**Work order**
The material below has pictures in it. Set down only the lines from the line containing "Loblaws PC MEMORIES OF SAUCE, 350ML offer" through the line containing "Scarosso Schoenen, Dames, Wit, 39", word for word, and leave the pictures behind.
[Opening Given records section]
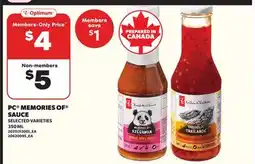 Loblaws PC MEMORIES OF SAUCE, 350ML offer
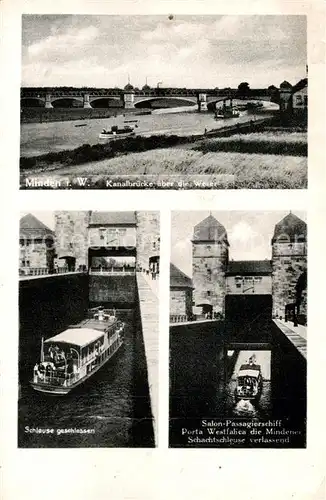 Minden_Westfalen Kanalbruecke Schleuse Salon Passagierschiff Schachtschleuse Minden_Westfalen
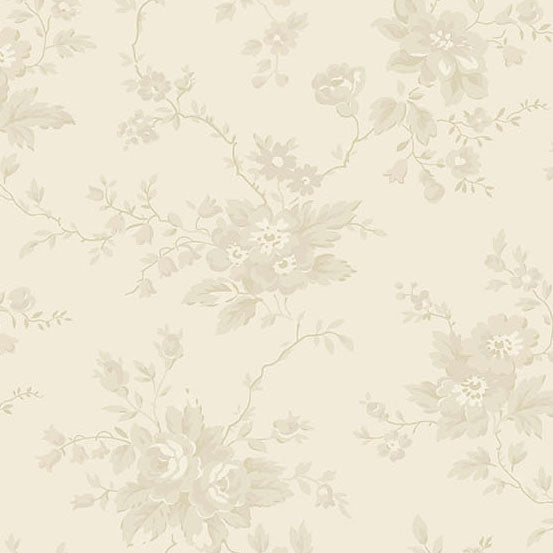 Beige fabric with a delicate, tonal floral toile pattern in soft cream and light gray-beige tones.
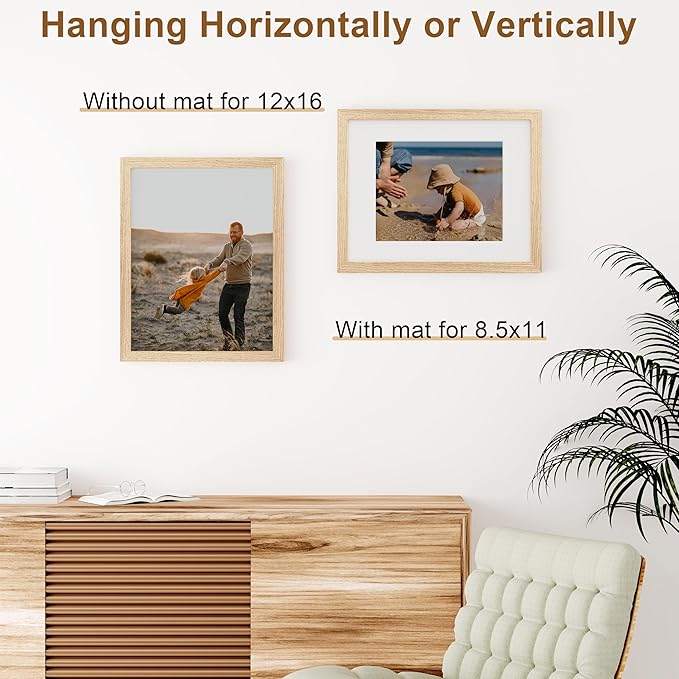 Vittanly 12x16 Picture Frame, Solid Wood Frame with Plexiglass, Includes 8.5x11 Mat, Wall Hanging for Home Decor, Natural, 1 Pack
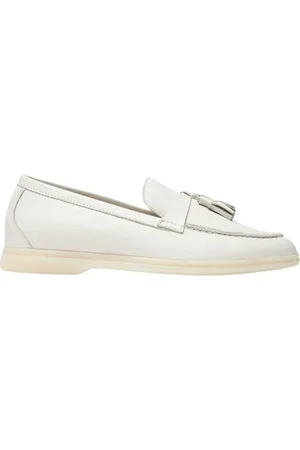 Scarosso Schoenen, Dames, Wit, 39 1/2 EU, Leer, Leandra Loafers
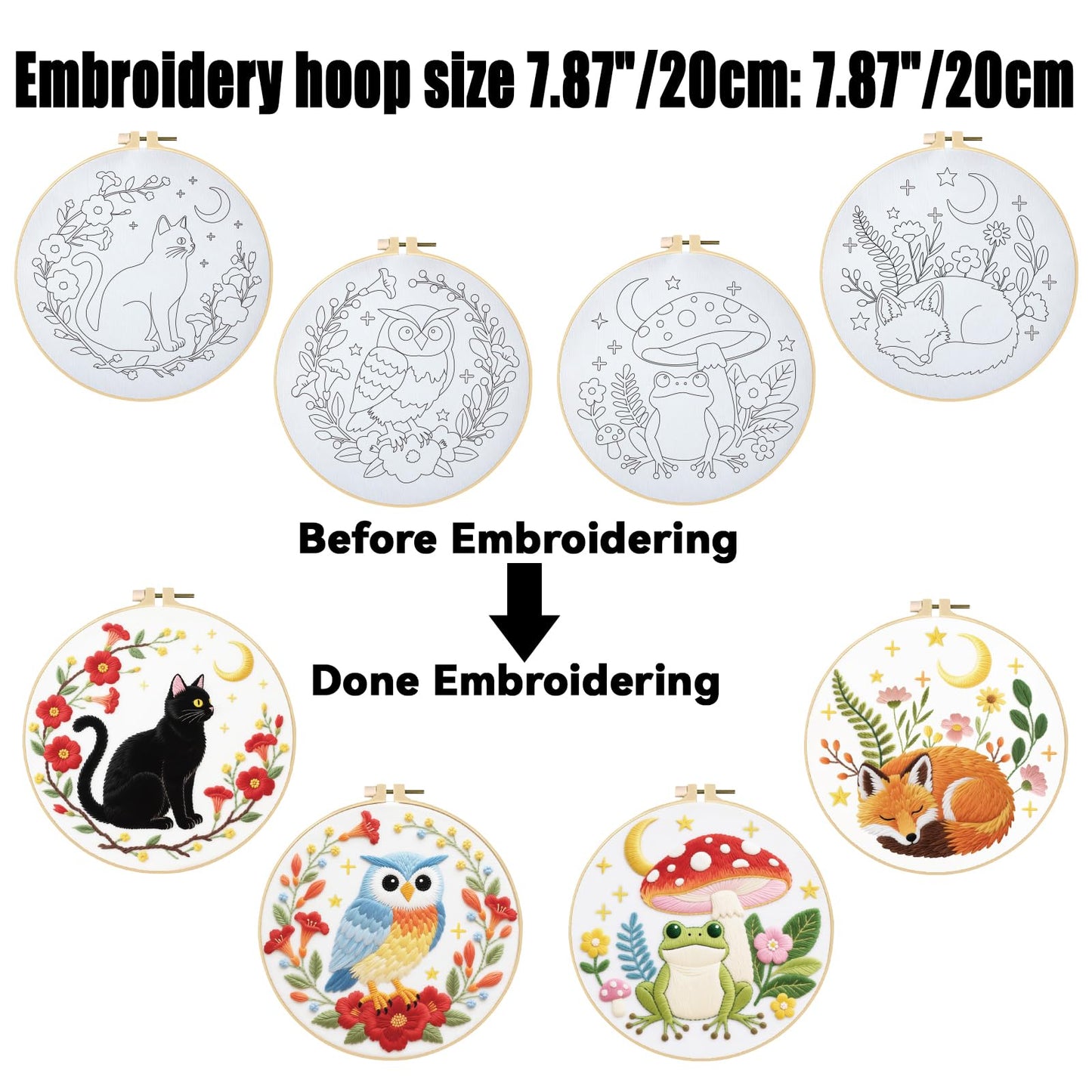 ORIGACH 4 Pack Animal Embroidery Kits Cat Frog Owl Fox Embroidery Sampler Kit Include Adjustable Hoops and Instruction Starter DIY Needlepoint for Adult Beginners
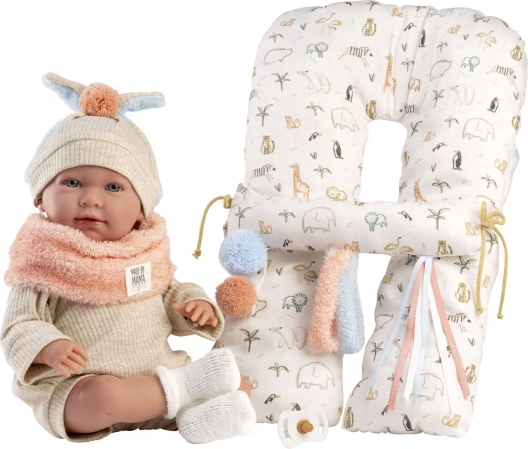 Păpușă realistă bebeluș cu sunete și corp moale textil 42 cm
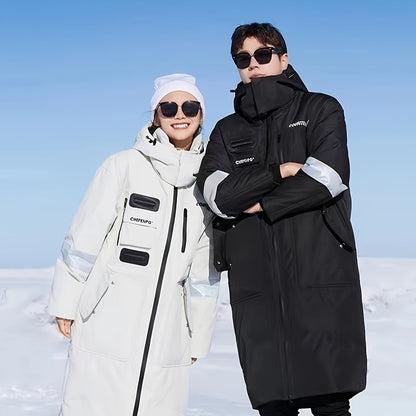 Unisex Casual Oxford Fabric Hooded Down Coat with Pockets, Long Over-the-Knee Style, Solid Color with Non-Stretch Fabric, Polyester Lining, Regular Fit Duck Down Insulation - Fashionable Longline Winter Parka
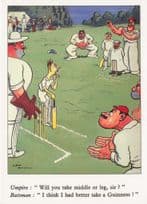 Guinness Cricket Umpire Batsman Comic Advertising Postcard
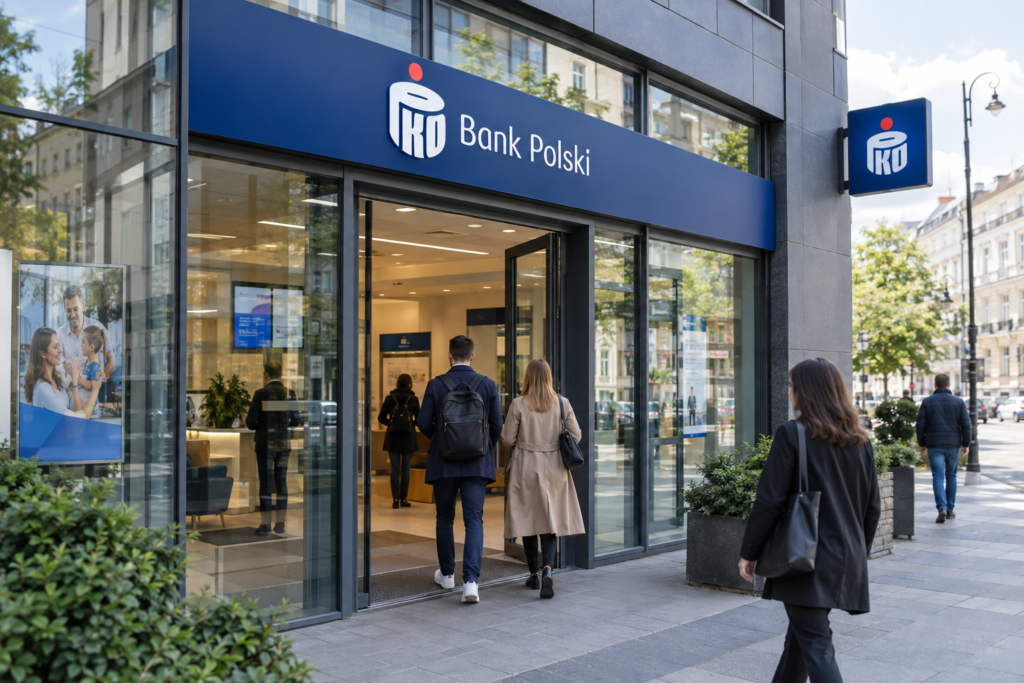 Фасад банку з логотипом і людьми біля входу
[Closing Given records section]
[Opening Given records section]
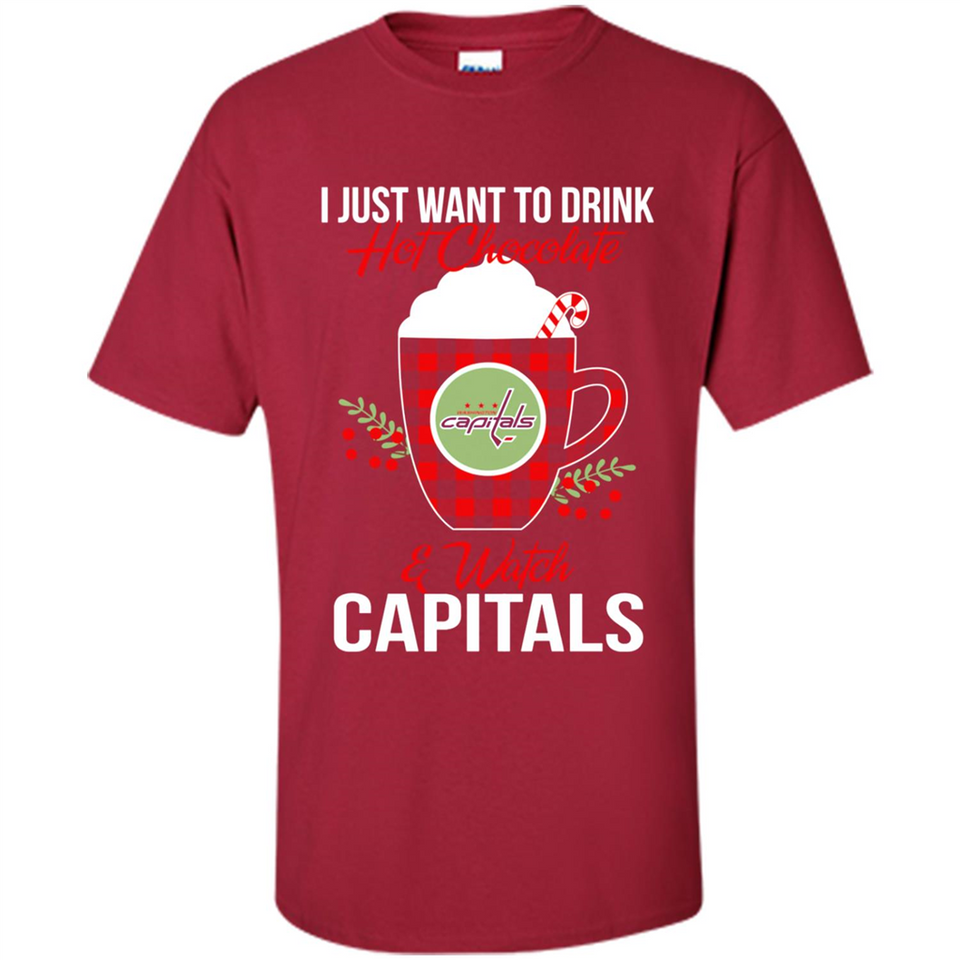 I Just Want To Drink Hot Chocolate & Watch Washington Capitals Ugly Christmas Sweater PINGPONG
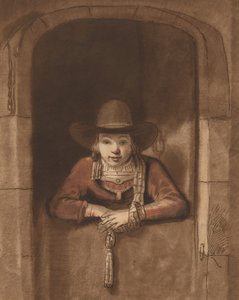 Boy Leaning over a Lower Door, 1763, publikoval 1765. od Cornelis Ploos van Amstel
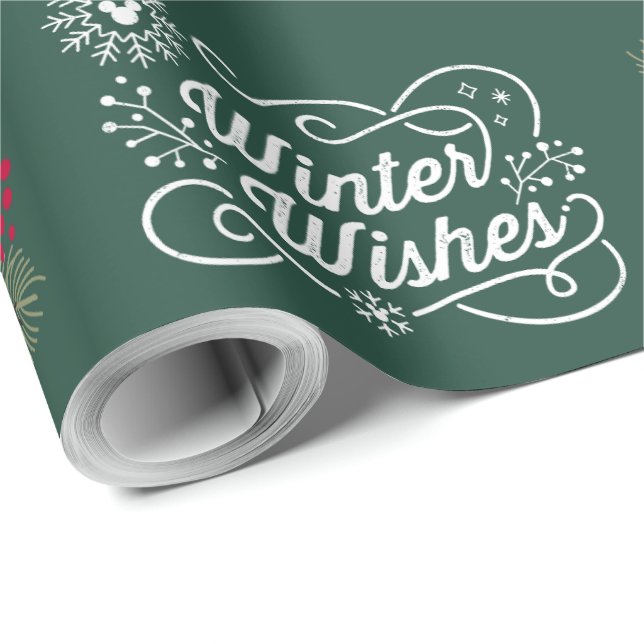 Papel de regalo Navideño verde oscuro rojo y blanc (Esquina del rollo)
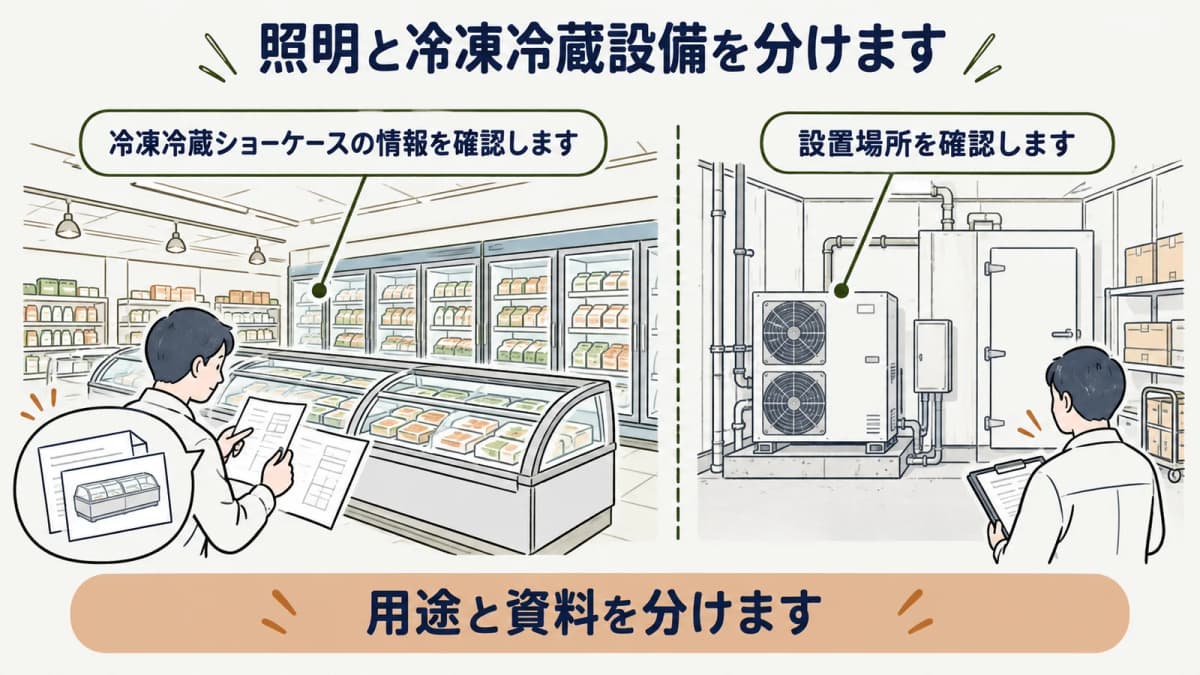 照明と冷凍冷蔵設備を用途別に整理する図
[Closing Given records section]
**Exercise output**
 Loblaws PC MEMORIES OF SAUCE, 350ML offer
 Minden_Westfalen Kanalbruecke Schleuse Salon Passagierschiff Schachtschleuse Minden_Westfalen
 Beige fabric with a delicate, tonal floral toile pattern in soft cream and light gray-beige tones.
 Vittanly 12x16 Picture Frame, Solid Wood Frame with Plexiglass, Includes 8.5x11 Mat, Wall Hanging for Home Decor, Natural, 1 Pack
 Scarosso Schoenen, Dames, Wit, 39 1/2 EU, Leer, Leandra Loafers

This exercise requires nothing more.